Bellman-Ford's O(V × E) time complexity comes from relaxing all E edges during each of V-1 iterations. For dense graphs where E approaches V², this becomes O(V³), significantly slower than Dijkstra's O(V² log V). Sparse graphs with E proportional to V see O(V²) Bellman-Ford performance, still slower than Dijkstra but often acceptable when negative weights are present.
Space complexity for both algorithms requires O(V) for distance and predecessor storage plus O(E) for the graph representation. Dijkstra adds O(V) for the priority queue, while Bellman-Ford uses O(E) temporarily to collect edges for repeated processing. Both algorithms have linear space requirements relative to input size.

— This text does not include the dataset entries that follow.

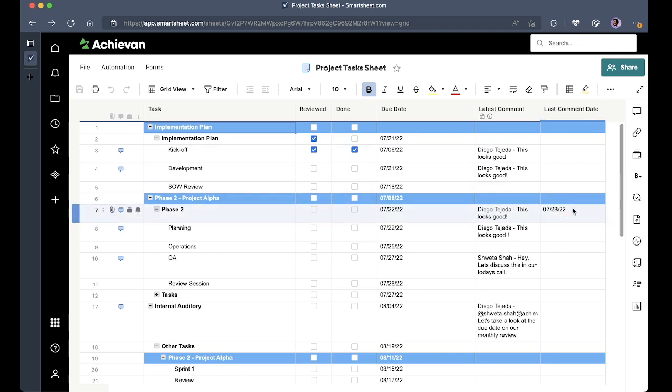That way we can take this date and have this included on many workflows including reports, other automations, dashboards, etc.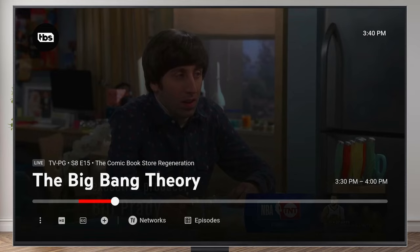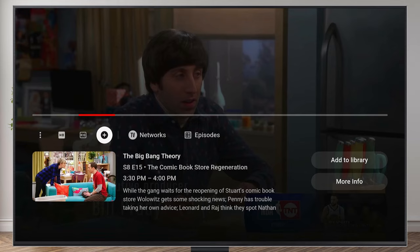Let's say that you're watching a show — for example, The Big Bang Theory — and you want to go ahead and record it. All you'd have to do is press down on your remote and come over to this plus button. Here is our episode of The Big Bang Theory, and we just need to come down again and click on Add to Library.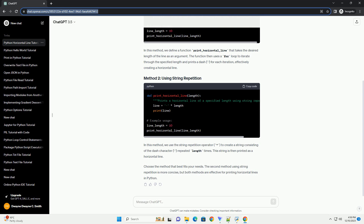In this method, we use the string repetition operator asterisk to create a string consisting of the dash character repeated length times. This string is then printed as a horizontal line.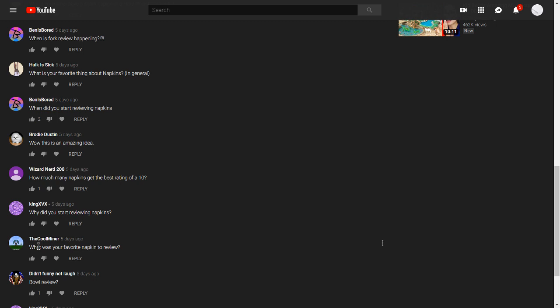next question is from TheCoolMiner. He asked what was your favorite napkin review? And I'm gonna have to go, my favorite napkin review was the Hard Rock Cafe napkins. It's just so good. And it makes me happy about how great it is.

Early termination in Dijkstra occurs naturally when the target vertex is processed, since no better path to that vertex can exist afterward. Single-target queries benefit significantly from this property, examining only a subset of the graph when the target is reachable via short paths. Bellman-Ford cannot terminate early in the general case but can detect convergence when an iteration produces no distance updates, indicating optimal distances are found.

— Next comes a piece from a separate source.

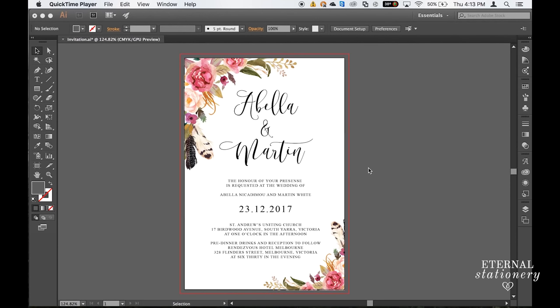Hi guys and welcome to another tutorial. Watercolor invitations are all the rage at the moment and I'm going to show you how to professionally make a high quality wedding invitation using Adobe Illustrator.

def dijkstra_early_termination(graph, source, target)
distances = Hash.new(Float::INFINITY)
distances[source] = 0
pq = PQueue.new { |a, b| distances[a] < distances[b] }
pq.push(source)
visited = Set.new
until pq.empty?
current = pq.pop
# Early termination when target reached
return distances[target] if current == target
next if visited.include?(current)
visited.add(current)
graph[current].each do |neighbor, weight|
next if visited.include?(neighbor)
new_distance = distances[current] + weight
if new_distance < distances[neighbor]
distances[neighbor] = new_distance
pq.push(neighbor)
end
end
end
Float::INFINITY
end
Graph density significantly impacts algorithm selection. Sparse graphs with E much smaller than V² favor Dijkstra's O(E log V) performance. Dense graphs approach E = V², making Dijkstra's time O(V² log V). For very dense graphs, a simple O(V²) implementation scanning for minimum distances without a priority queue may outperform heap-based versions due to better cache locality and lower constant factors.
Priority queue implementation creates substantial performance variation in Dijkstra's algorithm. Ruby's PQueue gem provides binary heaps with O(log V) operations. Array-based scanning achieves O(V) selection but O(V²) total time. For small graphs (V < 100), the simpler array approach often runs faster due to lower overhead. Large graphs require heap-based selection for acceptable performance.
Negative cycle detection in Bellman-Ford adds one final iteration over all edges after V-1 relaxation rounds. This detection is free in terms of asymptotic complexity but adds 1/(V-1) overhead to practical runtime. Applications that know negative cycles cannot exist can skip this check, though the safety guarantee usually justifies the cost.
Parallel processing opportunities differ between algorithms. Dijkstra's sequential vertex processing resists parallelization because each step depends on finding the global minimum distance vertex. Bellman-Ford's edge relaxation within each iteration can be parallelized since relaxations are independent, though updates to shared distance arrays require synchronization. GPU implementations of Bellman-Ford can achieve significant speedups on large graphs.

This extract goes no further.